What do you do when you see the terrible two’s without a toddler in sight? Lately I’ve seen more than my fair share of temper tantrums, unfortunately the throwers are way beyond the stage of life when they are acceptable, and definitely no longer cute.

Actually, temper tantrums, although sometimes humorous to passerbys, are never really cute, no matter what age. The growing trend I’ve seen is these hissy fits lasting from adulthood into the golden years. As a public service, let me tell you a temper tantrum at these points in your life are pathetic no matter what angle the lens is.

What do you do when you have an in-law throwing hissy fits into his 70’s? In-law! That means you inherited this one; no emotional ties, no paybacks, no guilt trips involved. You either ignore, and stay as far away from them as possible, or you take my route, call it as you see it. Mental note, my method is not the best choice, especially if you care about serenity, calm or stability.

I have found there is absolutely no winning, no draws…nadda. It is the quickest route to total chaos. You will NEVER EVER be seen as helpful. You will not win. You will ALWAYS be the outsider, the bad guy.

I’m stuck today with “why do you hate my father?” In my mind I can alphabetize or place in numerical order the countless answers to that question. That is left better unsaid, just remember those words of wisdom.

This man has burned every bridge he has ever had. Shredded every safety rope, down to a thread. The brain does NOT engage prior to the opening of his mouth. My favorite, is clueless when called on it. He has one advocate left, and unfortunately for me, it had to be the one man I married. Every conceivable solution is met with his lack of willingness.
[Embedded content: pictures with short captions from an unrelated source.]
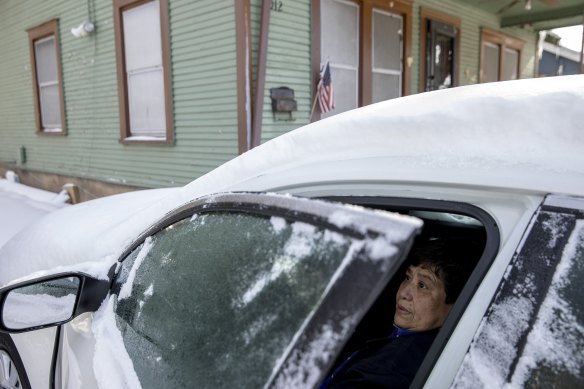 Maria Pineda warms up in her car outside her home in East Austin, Texas, during a power outage caused by the snow storm last week.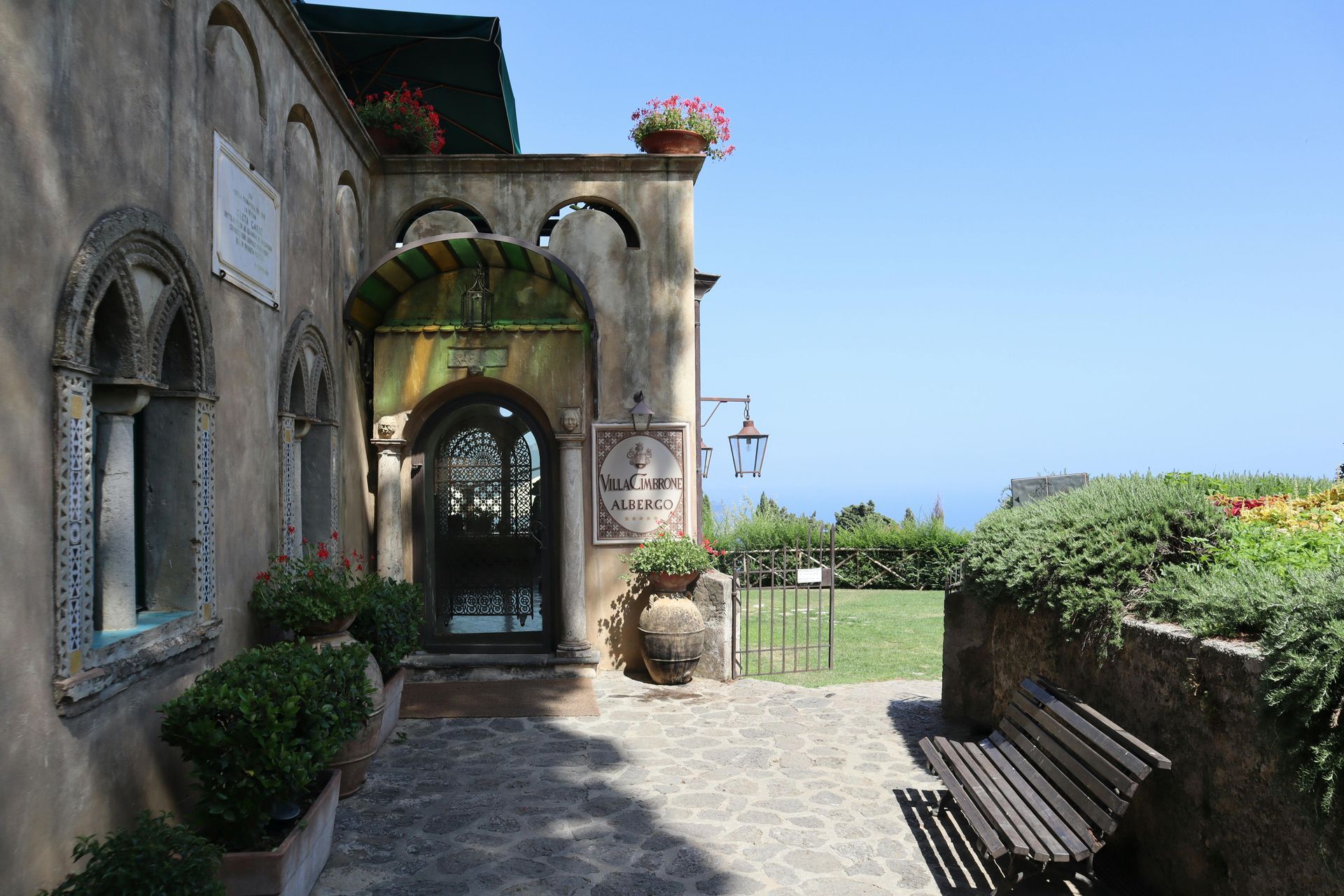 Old stone building with arched doorway, flowers, and a bench overlooking the sea. Ravello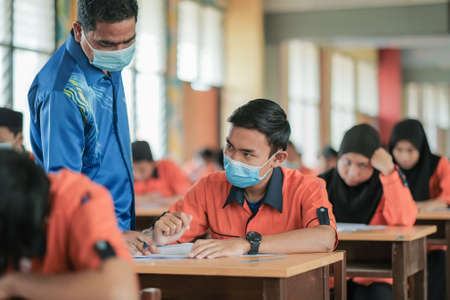 Muadzam Shah, Malaysia - October 1st,  ,2020 : Muslim teacher smiling to her student who answer the questionのeditorial素材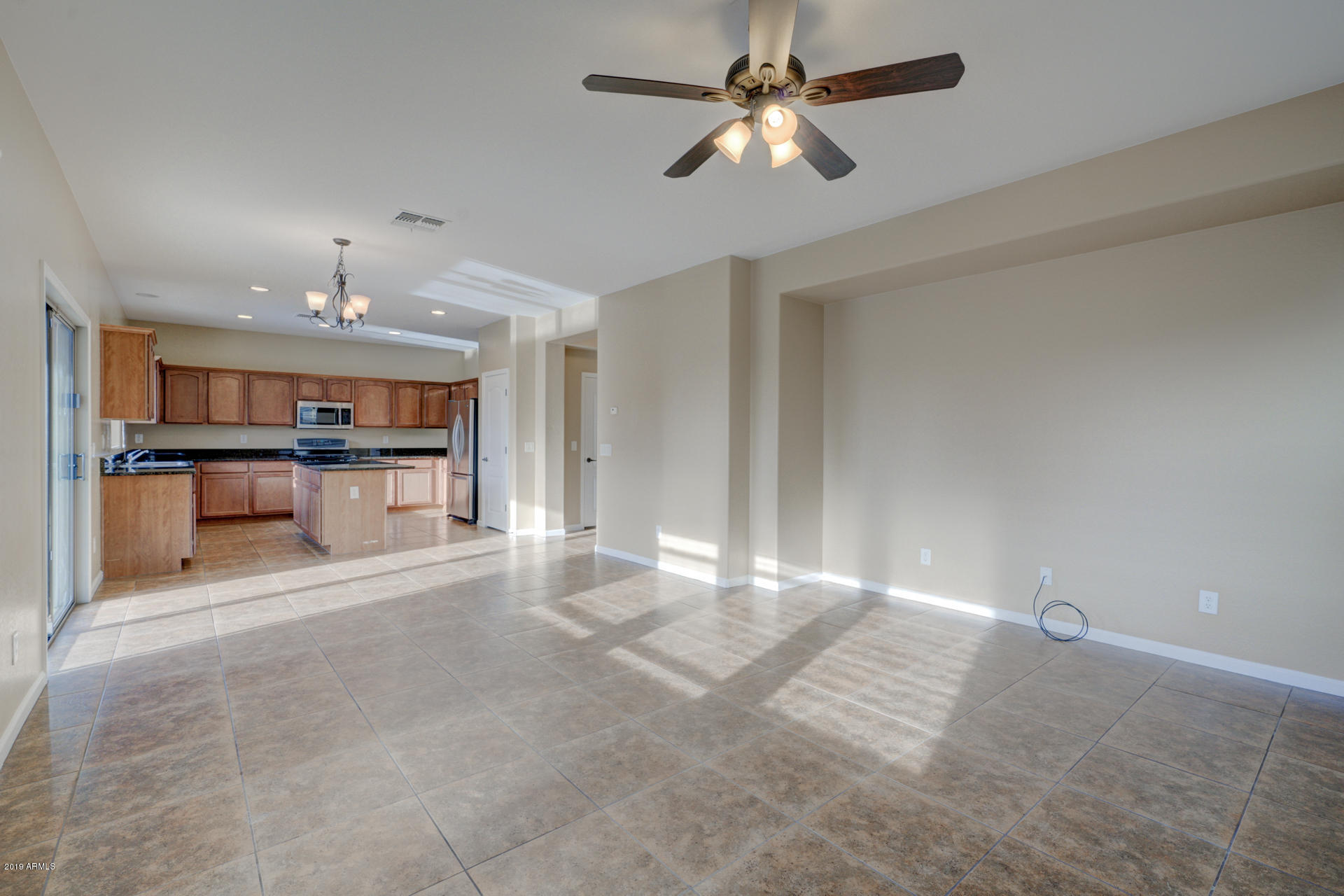 1891 South Racine Lane Gilbert, AZ 85295 - Photo 10 of 35 a view of a livingroom with a kitchen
I’ve spent countless hours devising plots and plans to no avail.

Top that with life experiences that were traumatic. He survived the internment camps of WWII, buried a wife and a child. Who wouldn’t be depressed? It’s easy to victimize your situation with those struggles. I keep that in mind, and should I ever forget, I’m constantly reminded. I’m not cold. I’m very empathetic, and will eagerly go to the ends of the earth to help someone in need, with one slight catch…one must be willing to want my assistance.

He and I have many similarities, more than he could ever think possible. I’ve survived abuse, neglect, abandonment, addiction, divorce and death, some of those by the age of six. The major difference is I REFUSE to let anyone or anything keep me down. Life experience I use to learn from. I don’t accept being a victim. I’m constantly learning and growing. God knows, when something is painful, I can procrastinate like no one else, but eventually I get down to the dirty work needed to heal, to move on, and move forward. I NEVER GIVE UP on myself.

So, for the moment, I’m the cold heartless, judgemental outsider who will just NEVER understand the situation at hand, banished to my doghouse yet again.

Maybe it’s true that I don’t get it, but I think the true problem is that I understand it all too well.